That still does not justify the use of HRAR--hitting runs above replacement--which compares each hitter, regardless of position, to 73% of the league average. Basically, this is just a way to give an overall measure of offensive production without regard for position with a low baseline. It doesn't have any real baseball meaning.

A player who creates runs at 90% of the league average could be above-average (if he's a shortstop or catcher, or a great fielder at a less important fielding position), or sub-replacement level (DHs that create 3.5 runs per game are not valuable properties). Every player is chosen because his total value, both hitting and fielding, is sufficient to justify his inclusion on the team. HRAR fails even if you try to justify it with a thought experiment about a world in which defense doesn't matter, because in that case the absolute replacement level (in terms of RG, without accounting for the league average) would be much higher than it is currently.

The specific positional adjustments I use are based on 2002-2011 data. I stick with them because I have not seen compelling evidence of a change in the degree of difficulty or scarcity between the positions between now and then, and because I think they are fairly reasonable.

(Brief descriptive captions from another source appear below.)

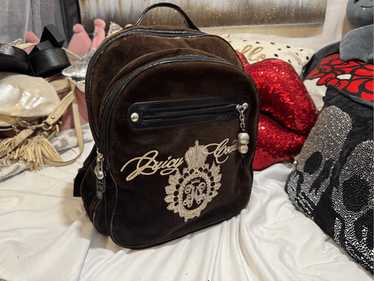 【JUICY COUTURE】スモールリュック ☆ブラック ※送料無 Juicy Couture - Black Liquorice Velour Heritage Backpack Bag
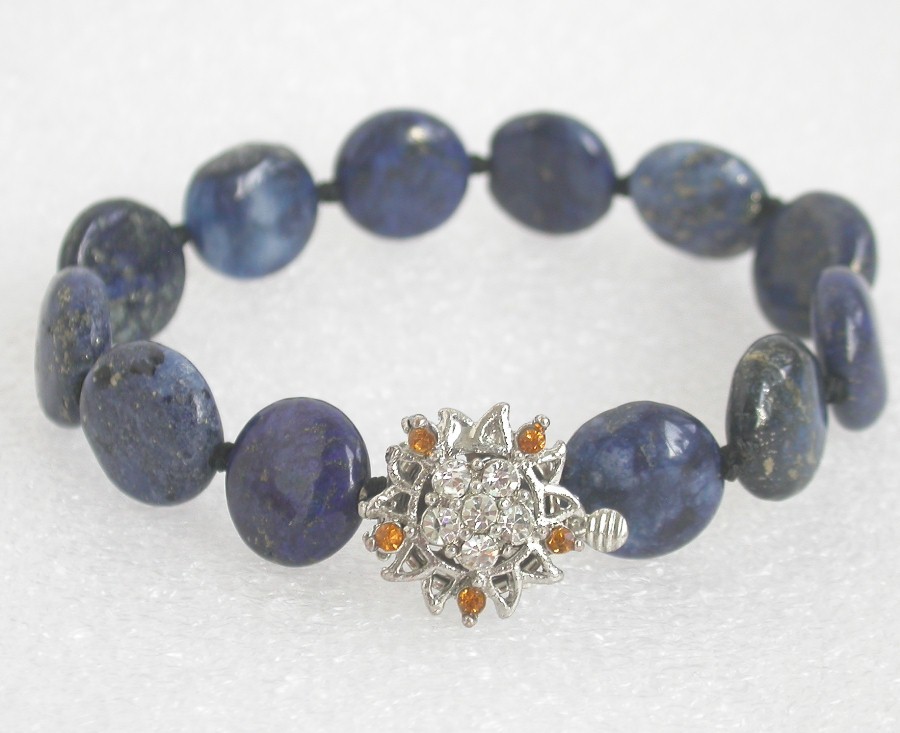AAA natural 8" 14mm coin fastener blue lapis lazuli Bracelet 18KGP c1074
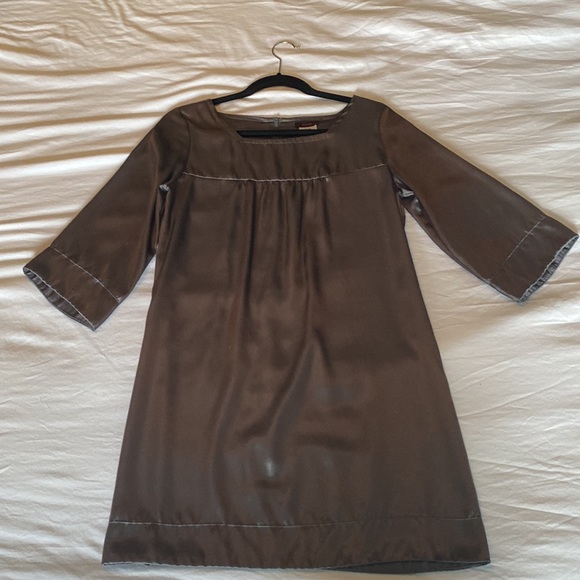 Silver metallic mini dress with 3/4 sleeves by mark.  Medium. 100% polyester - Picture 3 of 3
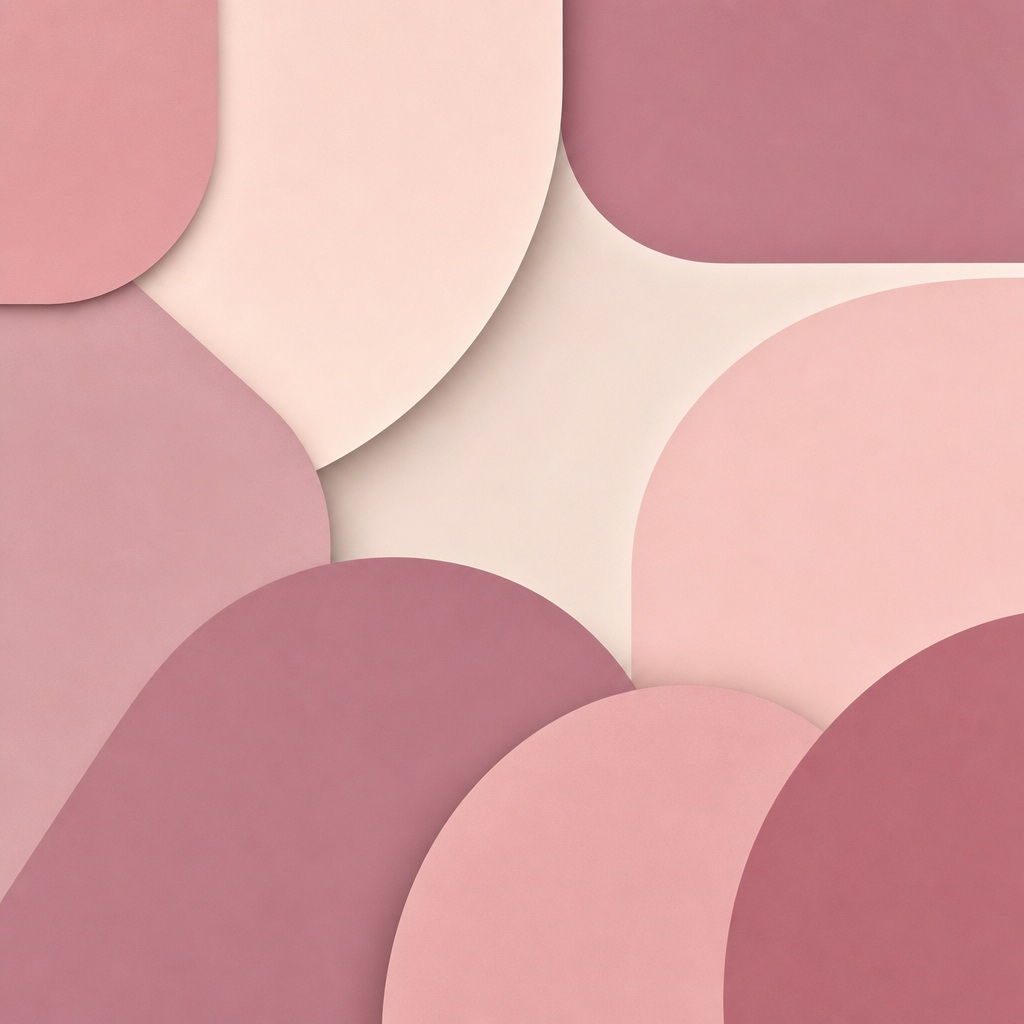 Layered pink and cream abstract curves with soft shadows and geometric depth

The positions for which they diverge the most from the defensive position adjustments in common use are 2B, 3B, and CF. Second base is considered a premium position by the offensive PADJ (.97), while third base and center field have similar adjustments in the opposite direction (1.03 and 1.02).

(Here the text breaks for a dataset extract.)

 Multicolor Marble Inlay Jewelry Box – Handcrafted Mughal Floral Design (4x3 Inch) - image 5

Another flaw is that the PADJ is applied to the overall league average RG, which is artificially low for the NL because of pitcher's batting. When using the actual league average runs/game, it's tough to just remove pitchers--any adjustment would be an estimate. If you use the league total of runs created instead, it is a much easier fix.

One other note on this topic is that since the offensive PADJ is a stand-in for average defensive value by position, ideally it would be applied by tying it to defensive playing time. I have done it by outs, though.

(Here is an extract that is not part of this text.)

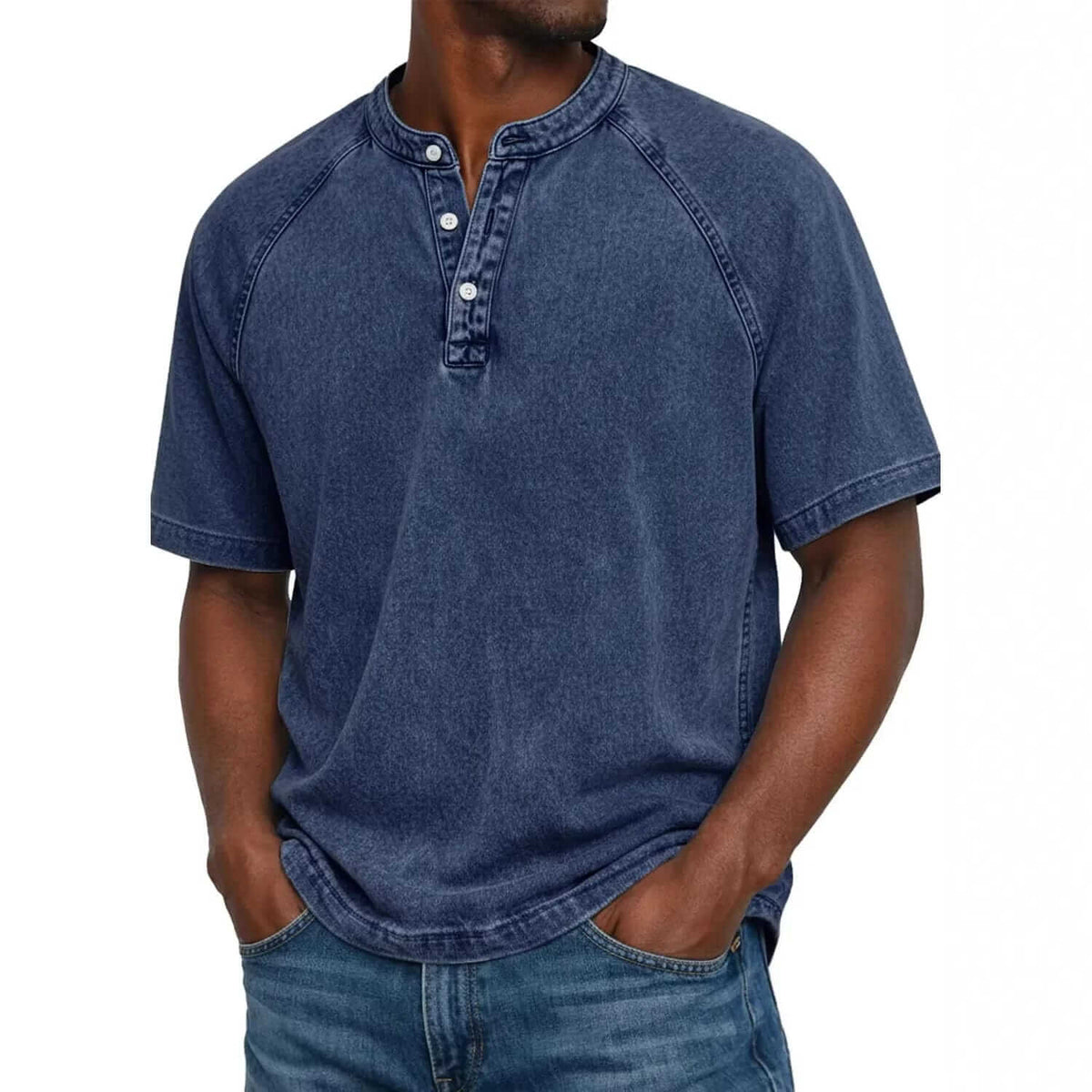 Henley en coton denim vintage, vue 5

The reason I have taken this flawed path is because 1) it ties the position adjustment directly into the RAR formula rather than leaving it as something to subtract on the outside and more importantly 2) there’s no straightforward way to do it. The best would be to use defensive innings--set the full-time player to X defensive innings, figure how Derek Jeter’s innings compared to X, and adjust his PADJ accordingly. Games in the field or games played are dicey because they can cause distortion for defensive replacements. Plate Appearances avoid the problem that outs have of being highly related to player quality, but they still carry the illogic of basing it on offensive playing time. And of course the differences here are going to be fairly small (a few runs). That is not to say that this way is preferable, but it’s not horrible either, at least as far as I can tell.

To compare this approach to the subtraction approach, start by assuming that a replacement level shortstop would create .86*.73*4.5 = 2.825 RG (or would perform at an overall level of equivalent value to being an average fielder at shortstop while creating 2.825 runs per game). Suppose that we are comparing two shortstops, each of whom compiled 600 PA and played an equal number of defensive games and innings (and thus would have the same positional adjustment using the subtraction approach). Alpha made 380 outs and Bravo made 410 outs, and each ranked as dead-on average in the field.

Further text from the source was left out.